** Dataset extract follows **
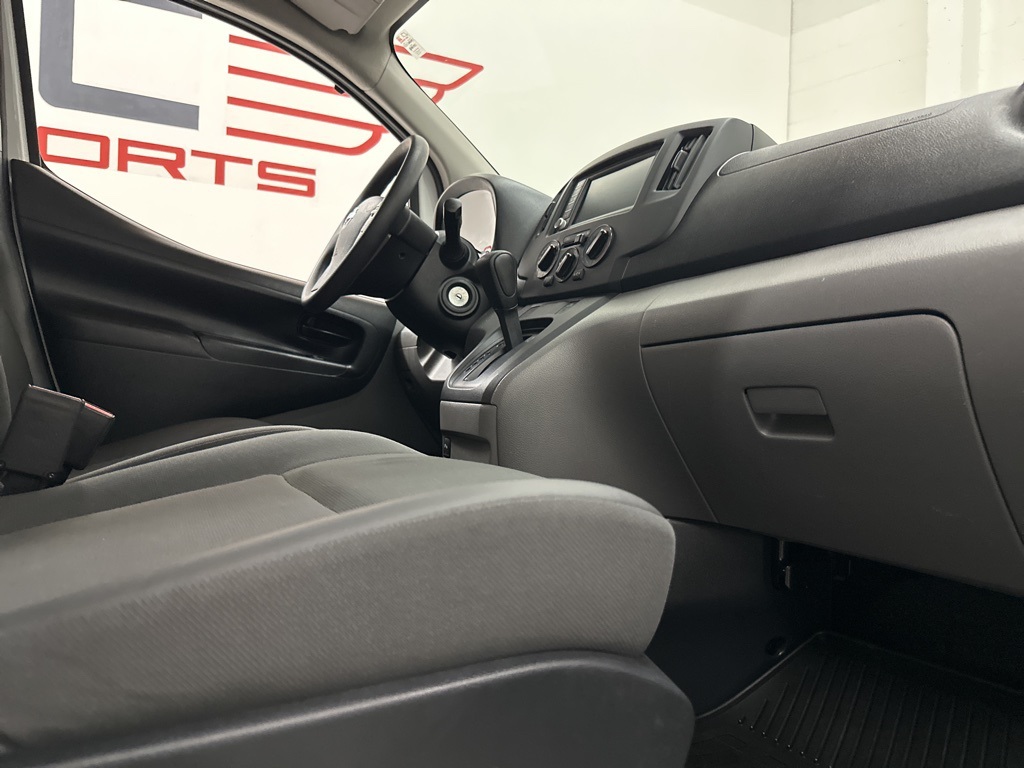Vehicle image 53 of 68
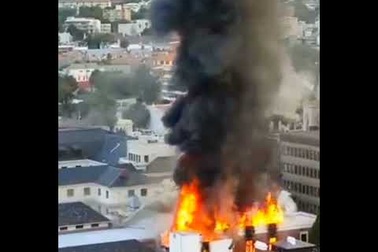 Tòa nhà quốc hội Nam Phi chìm trong biển lửa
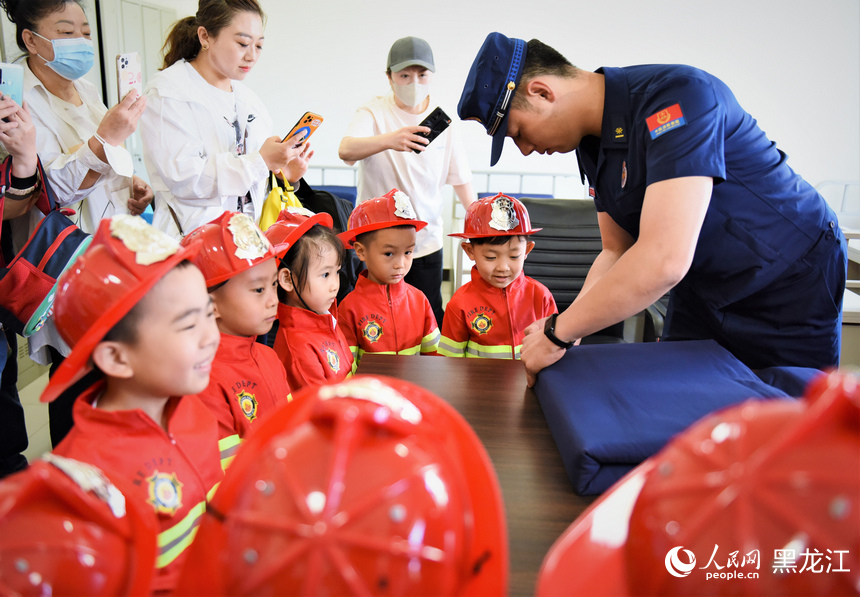 消防員在寢區(qū)展示疊“豆腐塊”。人民網(wǎng) 蘇靖剛攝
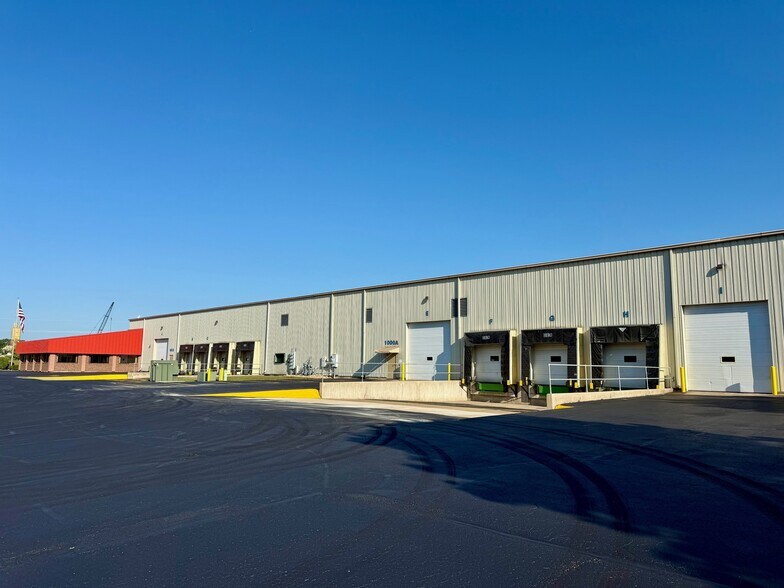 More Photos Of 1010 Strohmeyer Dr, Neenah Manufacturing For Lease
** End of Dataset extract **
The material above should be printed again exactly, with each picture left out.

● **Answer area**:
Vehicle image 53 of 68
 Tòa nhà quốc hội Nam Phi chìm trong biển lửa
 消防員在寢區(qū)展示疊“豆腐塊”。人民網(wǎng) 蘇靖剛攝
 More Photos Of 1010 Strohmeyer Dr, Neenah Manufacturing For Lease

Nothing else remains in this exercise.